In the Trenches
As a stay at home mom, days can get lonely. Which I realize is ironic since you have a little one attached to you most of the day. But it’s true. After a while, you miss having adult conversation, and you also start to feel like you’ve forgotten how.
So, I was excited when I had the opportunity to meet a few moms at the park one morning, and I learned so much from these beautiful women. I learned that we each “mom” our own way. That everybody reads books, and everybody adapts to what works for them. We have all tried ALL the swaddles to get baby to sleep, some breastfeed, some bottle feed, some rock to sleep, some don’t, some have schedules, and some let baby lead, some co-sleep, others crib sleep - but one thing we all had in common - we all love our babies. And when it comes down to it - isn’t that all that really matters?
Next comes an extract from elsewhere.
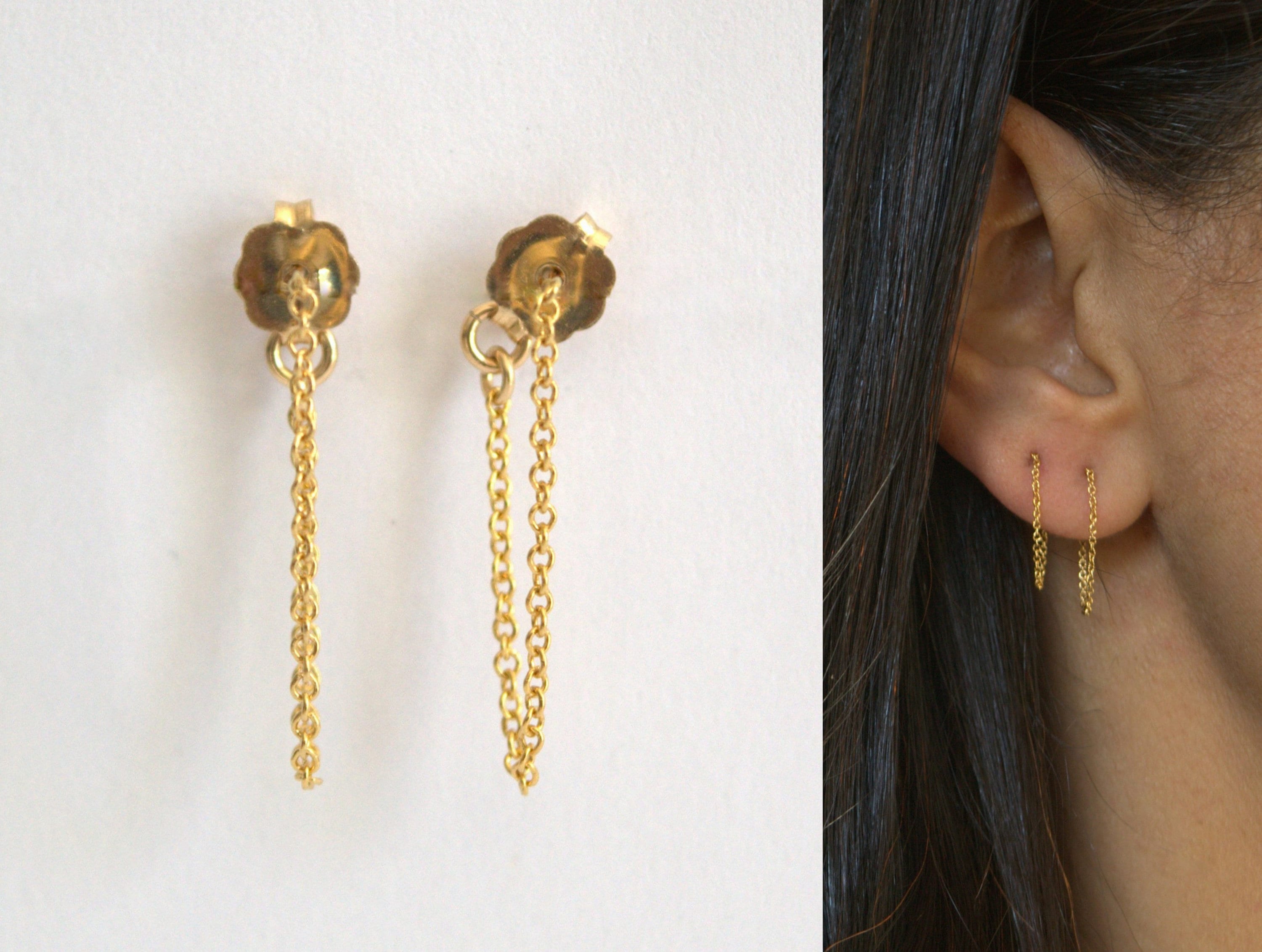 Gold Chain Earrings Chain Earrings Gold Dangle Earring Etsy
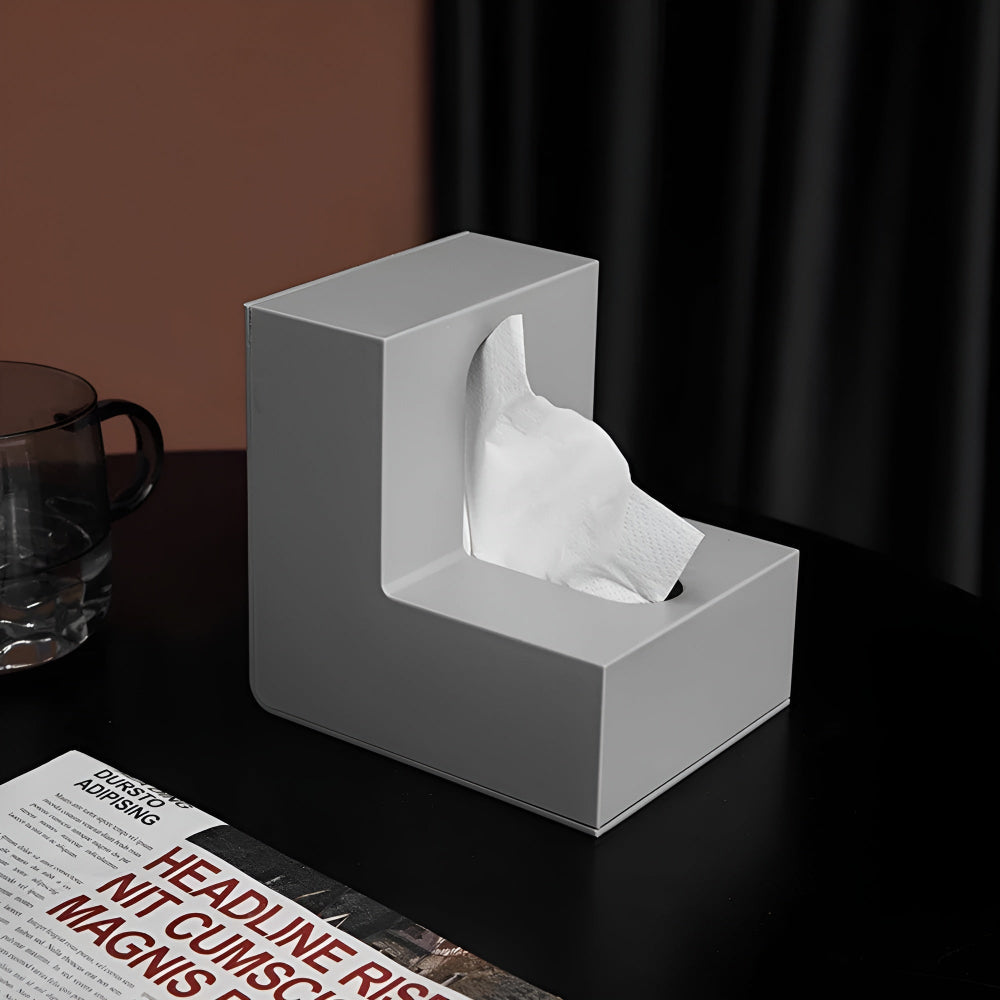 Tissue box cover – L-shaped design – Sleek plastic – Space-saving corner solution – White 1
I found out quickly these women were my people. Women who were willing to crawl down into the trenches with me and speak truth. That motherhood is hard, and days can be long and exhausting, and you’ll reach walls where you have nothing left to give. That motherhood is both fulfilling and draining. That it gives you purpose and can also make you lose yourself temporarily. That it’s everything you wanted it to be and nothing like you planned. That’s it’s both beautiful and messy and some days can be complete chaos. But you’ll have those moments when you look into those precious little baby blue eyes and whatever challenge you faced that day - it all just fades into the background. You forget how tired you are, you forget how your body aches, you forget how hard everything is and you just exist with that perfect little nugget.
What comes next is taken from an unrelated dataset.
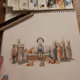 Watercolors and lines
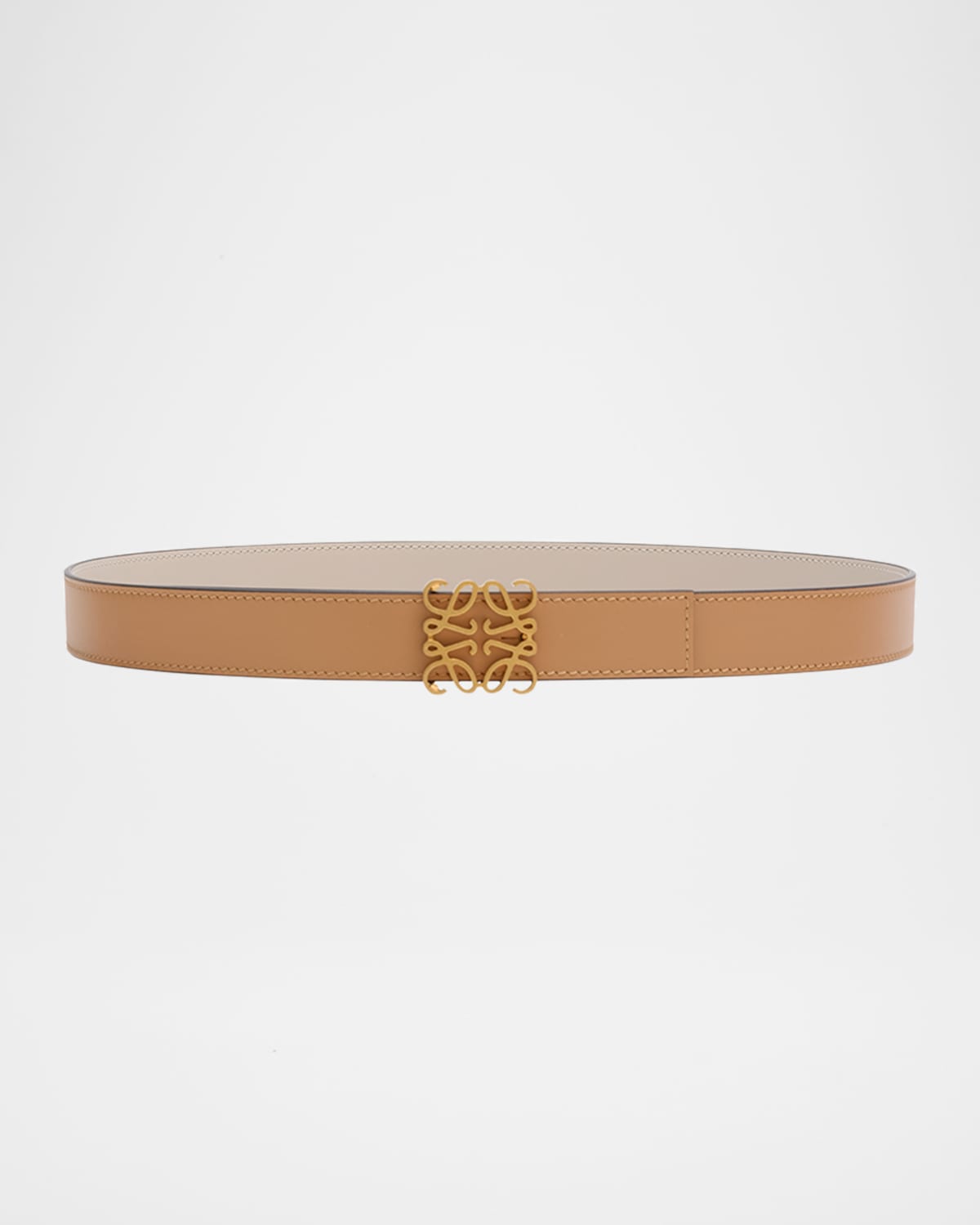 Loewe Anagram Reversible Leather Belt In Warm Desert/light Oat/bronze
I’m not saying you won’t remember your exhaustion after that moment, because you will. But this time, while it feels eternal now, is such a small time frame in that child’s (and your) life. It’s hard to imagine now that you will look back and miss these moments, because if I’m being completely honest, I feel like I’m in the thick of it. I am functioning on about 4-5 hours of sleep a night, naps aren’t happening much during the day, we have fussy days due to teething and growth spurts and some days I feel I spend the majority of the day just trying to get her to sleep only to have her wake up 15 minutes later. But while it is tiring now, one day she is going to be all grown up. One day she isn’t going to want to snuggle, or sleep in my arms, or need me to rock her to sleep, or just want to hear my voice, or feel my warmth. One day she won’t need me like she does now, and I know I will miss that.
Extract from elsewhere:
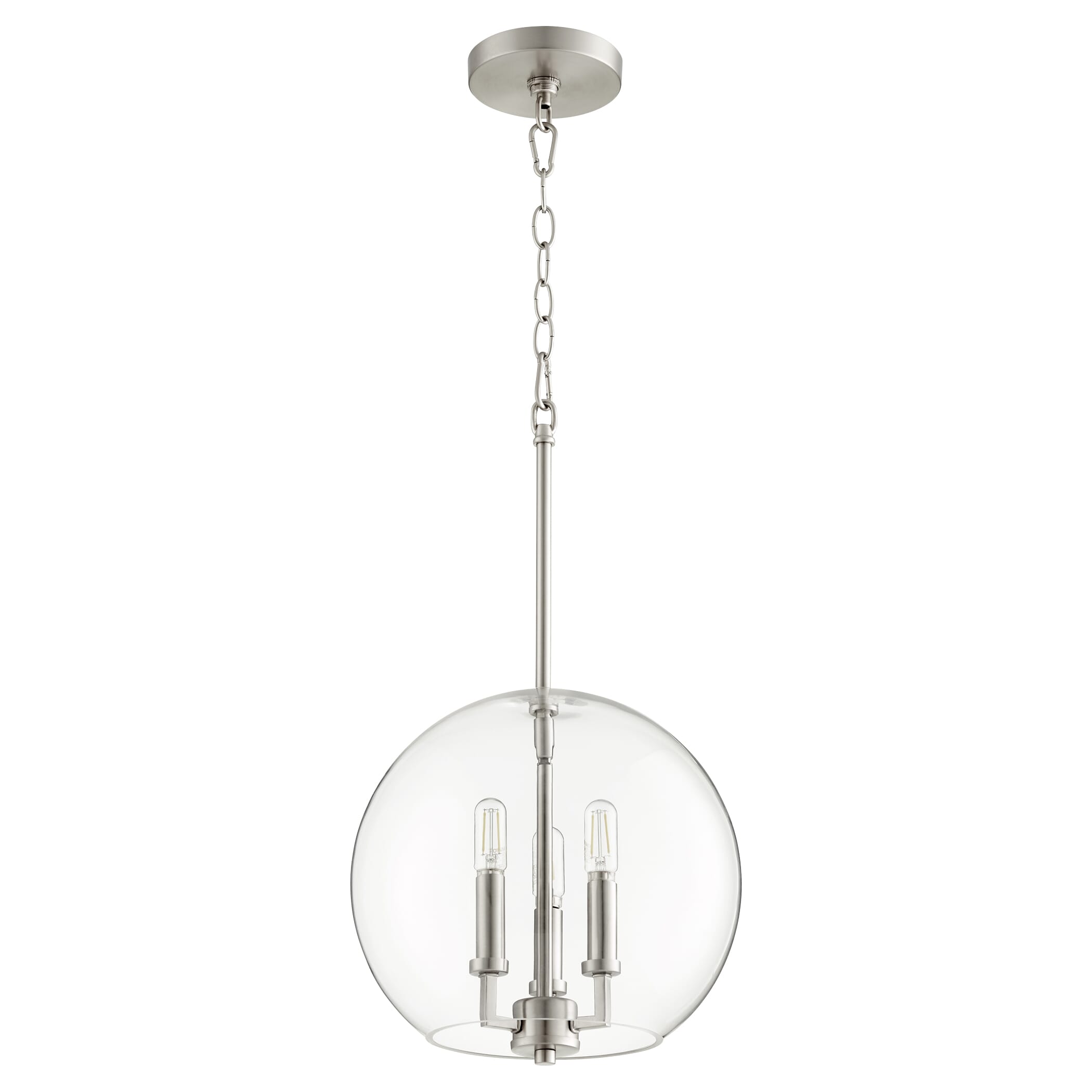 Quorum Globe Pendant 3-Light 12" Pendant Light in Satin Nickel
So for now, I will rock her. I will sing her favorite song. I will nurse her to sleep. I will let her sleep on my chest. I will give her my warmth. I will snuggle her close. I will give everything I have for as long as I can. I will continue to show up for her, because that is my best.
But my best may not be your best. You may be everything opposite of me and let me assure you - that’s fine! I am not here to make you feel guilty about your way of “moming”, because at the end of the day, it doesn’t really matter what method of “moming” you use. What matters is that you show up everyday giving what you’ve got. Some days that might not be much, and that’s ok. Some days - getting out of bed may be a huge accomplishment for you. For me, putting on jeans AND make up is a big deal right now 😂.
I want to encourage you that whether you are a working mom or a SAHM - find some ladies who will encourage you and lift you up. This could be finding a small bible study group, or finding a mentor, or maybe just finding some other moms to go to the park or beach with! Motherhood is a very humbling experience and there’s going to be days you want to tap out, but you don’t have to when you have support from grace-filled spiritual women. There’s no reason to walk through life without some strong ladies by your side who can help you through each season of life. I’m praying for you mama. Let’s walk this road together ✌🏼.